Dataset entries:
= = =

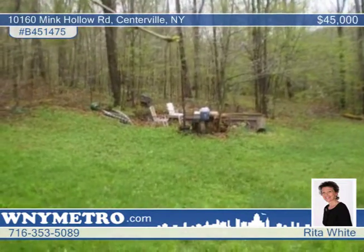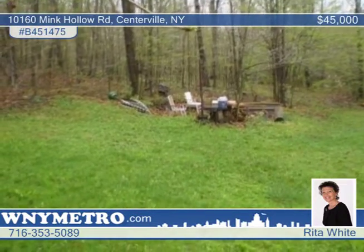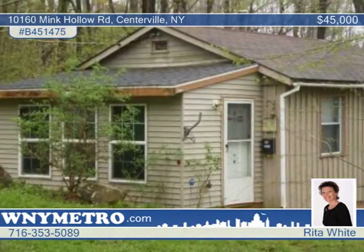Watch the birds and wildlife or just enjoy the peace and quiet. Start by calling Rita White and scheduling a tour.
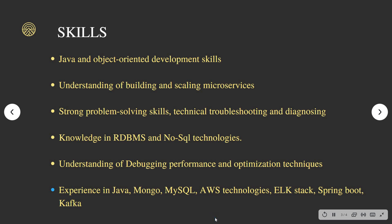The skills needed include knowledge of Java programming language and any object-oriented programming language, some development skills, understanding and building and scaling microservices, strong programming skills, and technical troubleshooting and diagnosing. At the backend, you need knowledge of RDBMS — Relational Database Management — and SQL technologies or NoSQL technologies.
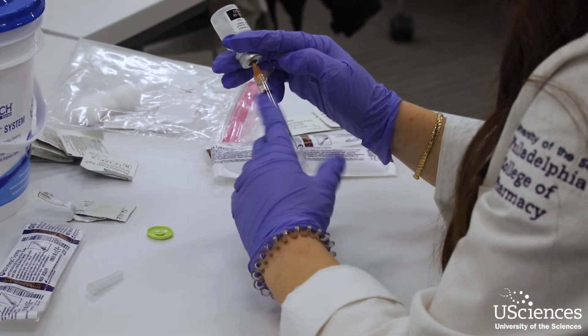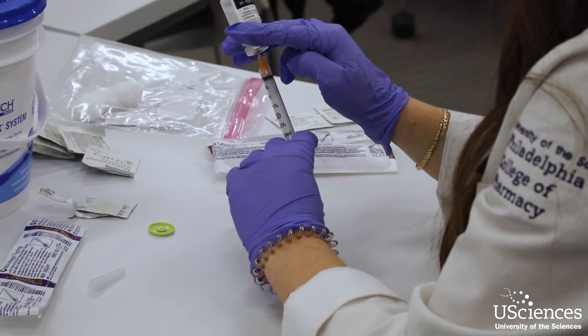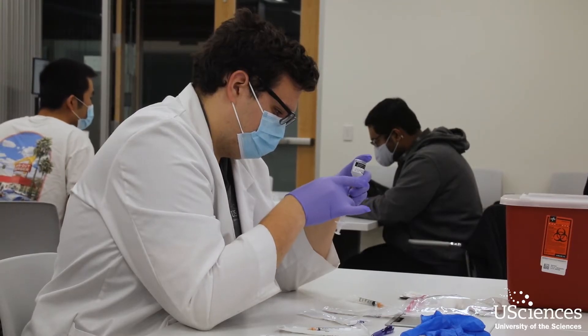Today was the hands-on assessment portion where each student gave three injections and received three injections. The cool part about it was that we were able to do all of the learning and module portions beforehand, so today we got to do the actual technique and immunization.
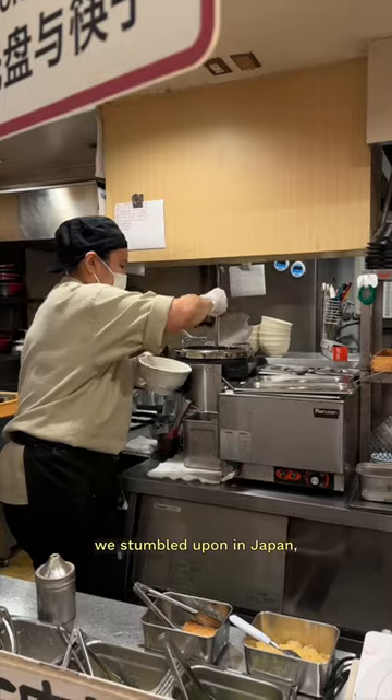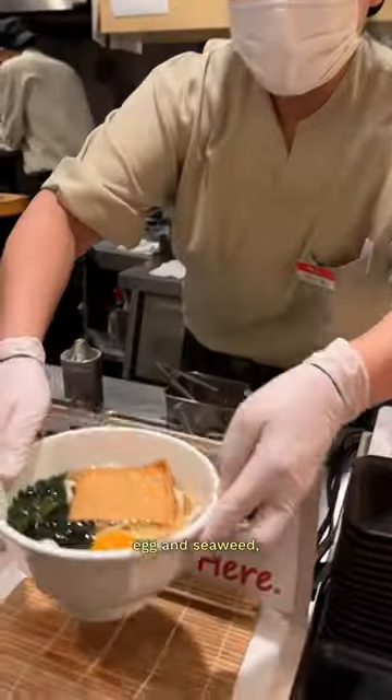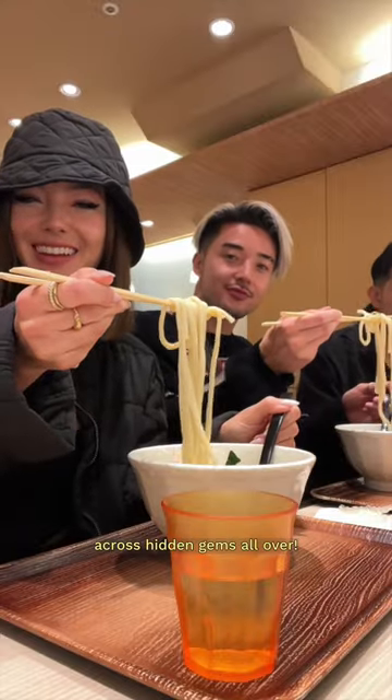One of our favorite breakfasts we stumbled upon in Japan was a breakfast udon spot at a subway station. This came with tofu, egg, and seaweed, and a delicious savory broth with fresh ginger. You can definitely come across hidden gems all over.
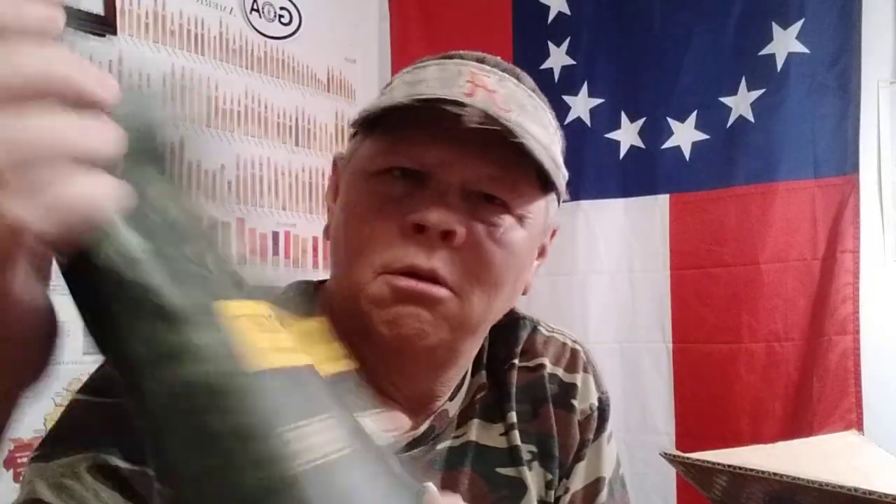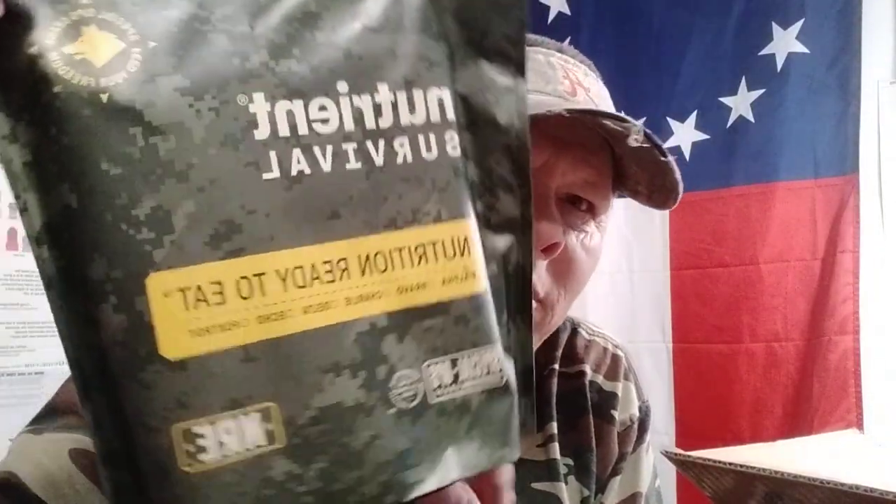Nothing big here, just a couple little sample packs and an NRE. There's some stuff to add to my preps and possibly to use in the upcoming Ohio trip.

= = =

Exercise>
What you return must match the records above exactly, minus any images.

Answer space>
Watch the birds and wildlife or just enjoy the peace and quiet. Start by calling Rita White and scheduling a tour.
The skills needed include knowledge of Java programming language and any object-oriented programming language, some development skills, understanding and building and scaling microservices, strong programming skills, and technical troubleshooting and diagnosing. At the backend, you need knowledge of RDBMS — Relational Database Management — and SQL technologies or NoSQL technologies.
Today was the hands-on assessment portion where each student gave three injections and received three injections. The cool part about it was that we were able to do all of the learning and module portions beforehand, so today we got to do the actual technique and immunization.
One of our favorite breakfasts we stumbled upon in Japan was a breakfast udon spot at a subway station. This came with tofu, egg, and seaweed, and a delicious savory broth with fresh ginger. You can definitely come across hidden gems all over.
Nothing big here, just a couple little sample packs and an NRE. There's some stuff to add to my preps and possibly to use in the upcoming Ohio trip.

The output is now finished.